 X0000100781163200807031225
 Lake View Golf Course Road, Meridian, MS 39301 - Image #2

* * *

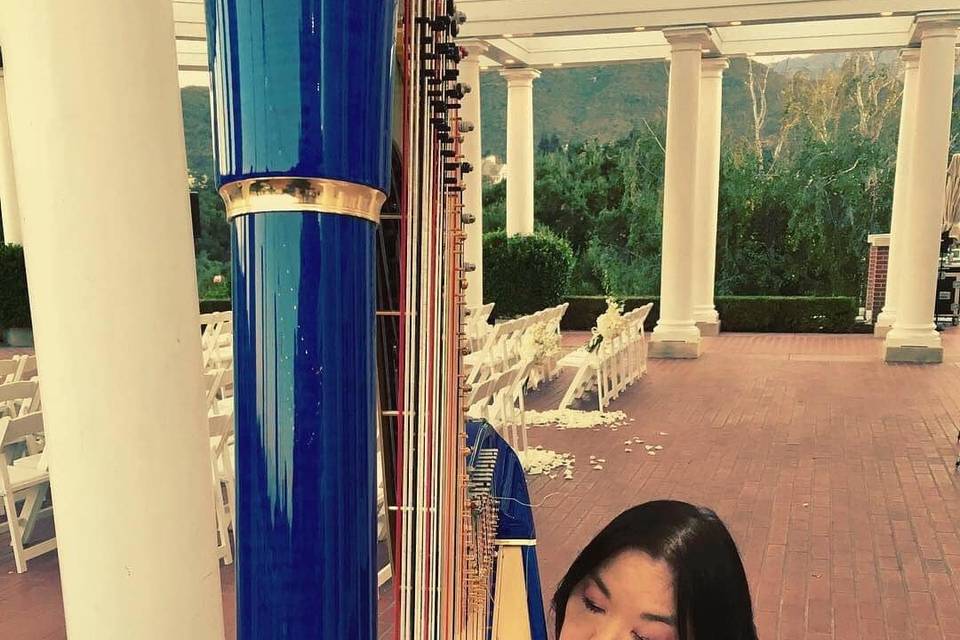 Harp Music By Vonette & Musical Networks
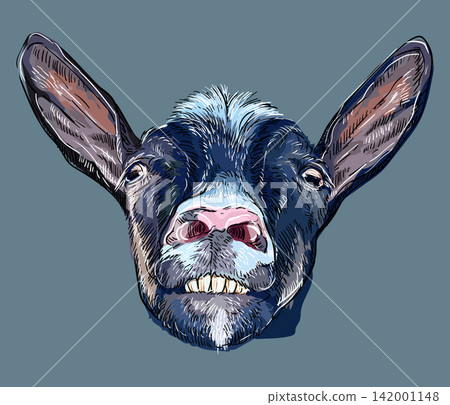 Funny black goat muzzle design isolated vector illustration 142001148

--

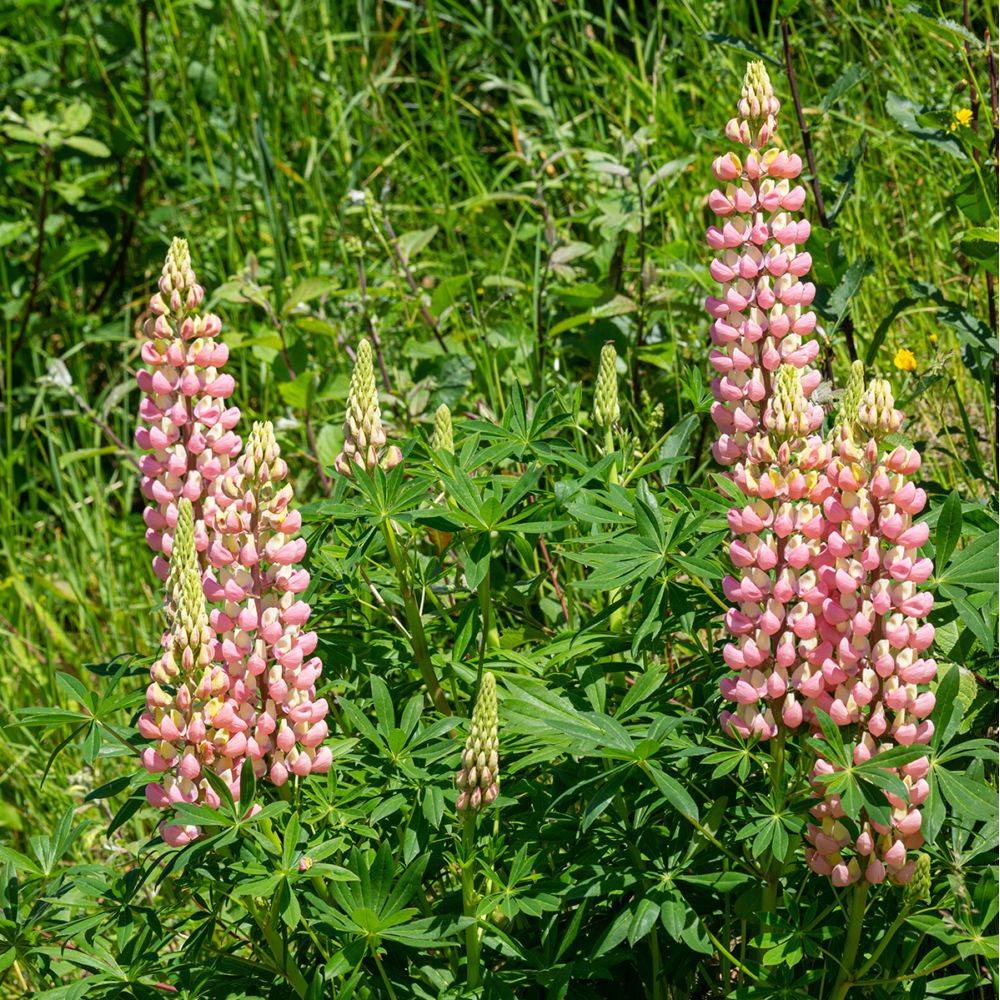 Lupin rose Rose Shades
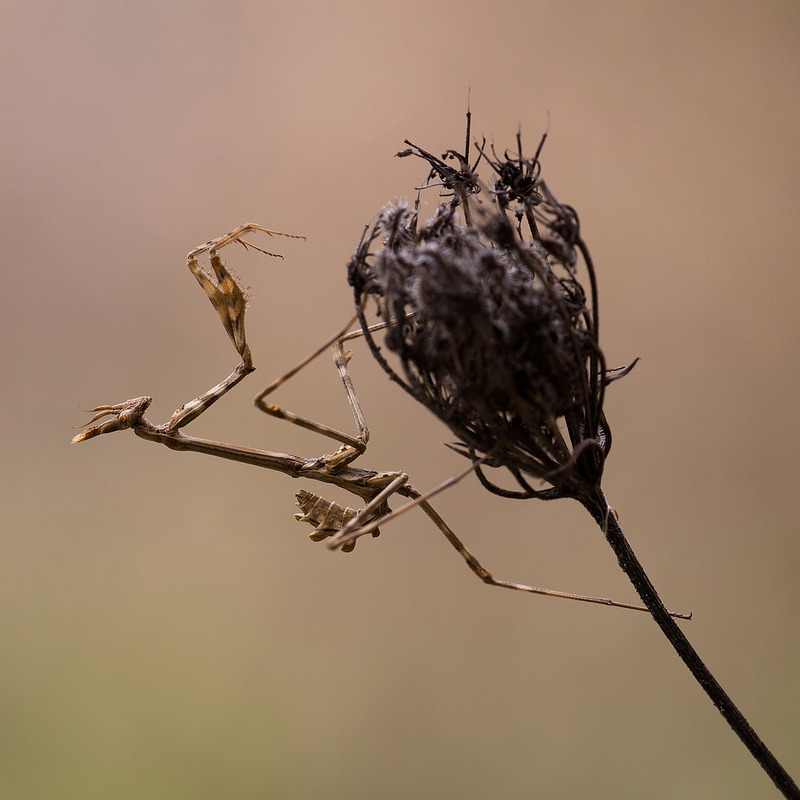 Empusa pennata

**GOAL OF THE EXERCISE**
Out of the material above, output word for word the line with "X0000100781163200807031225", the line with "Lake View Golf", and all lines between them, with nothing else.

**TASK RESPONSE**
 X0000100781163200807031225
 Lake View Golf Course Road, Meridian, MS 39301 - Image #2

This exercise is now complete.